━━━ Information supplied
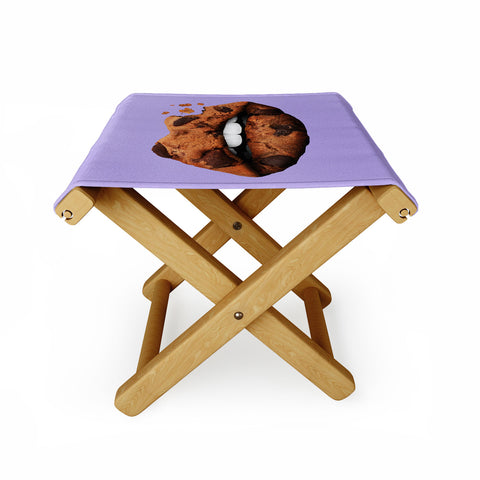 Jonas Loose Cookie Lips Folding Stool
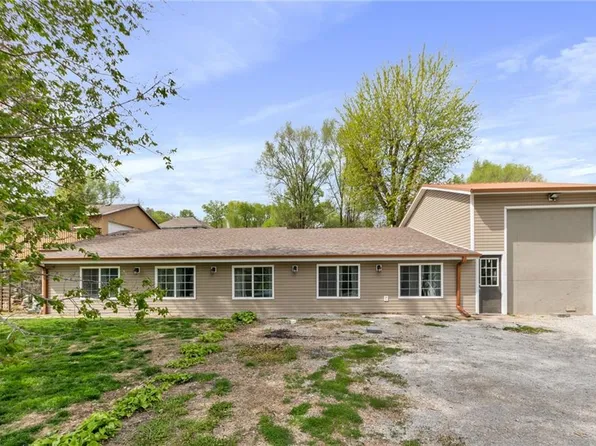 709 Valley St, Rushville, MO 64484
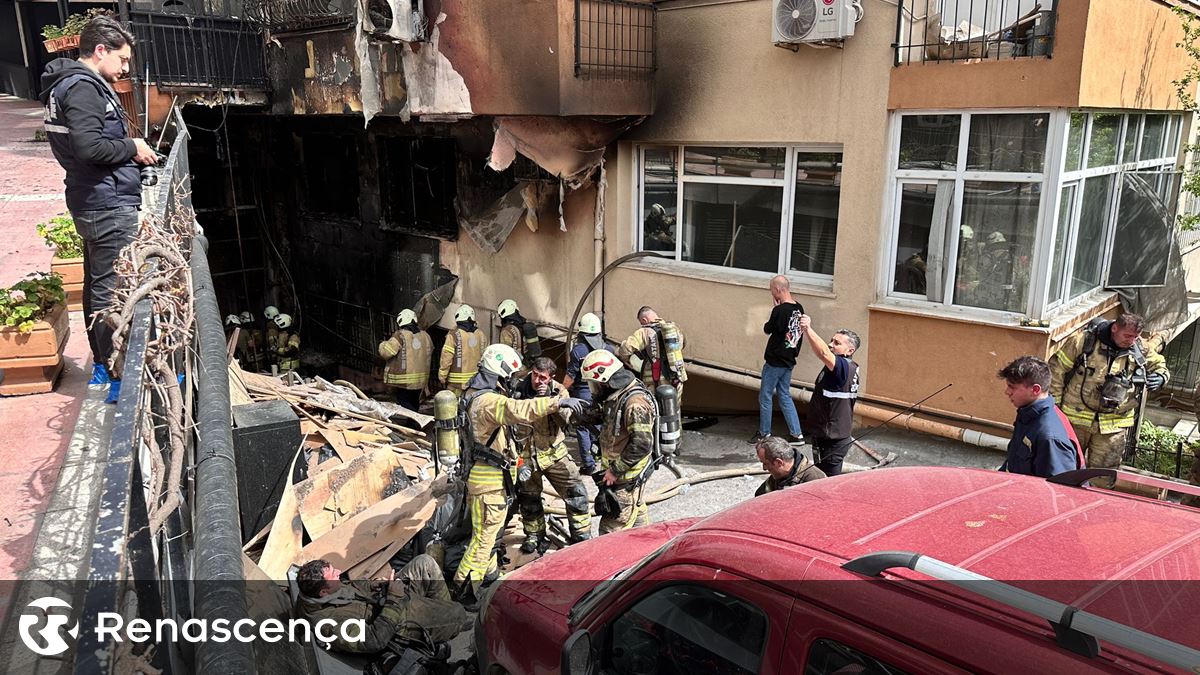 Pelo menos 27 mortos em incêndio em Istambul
━━━━━━
## [Exercise]
A faithful, picture-free copy of the material is what this task asks for.

## [Result]
 Jonas Loose Cookie Lips Folding Stool
 709 Valley St, Rushville, MO 64484
 Pelo menos 27 mortos em incêndio em Istambul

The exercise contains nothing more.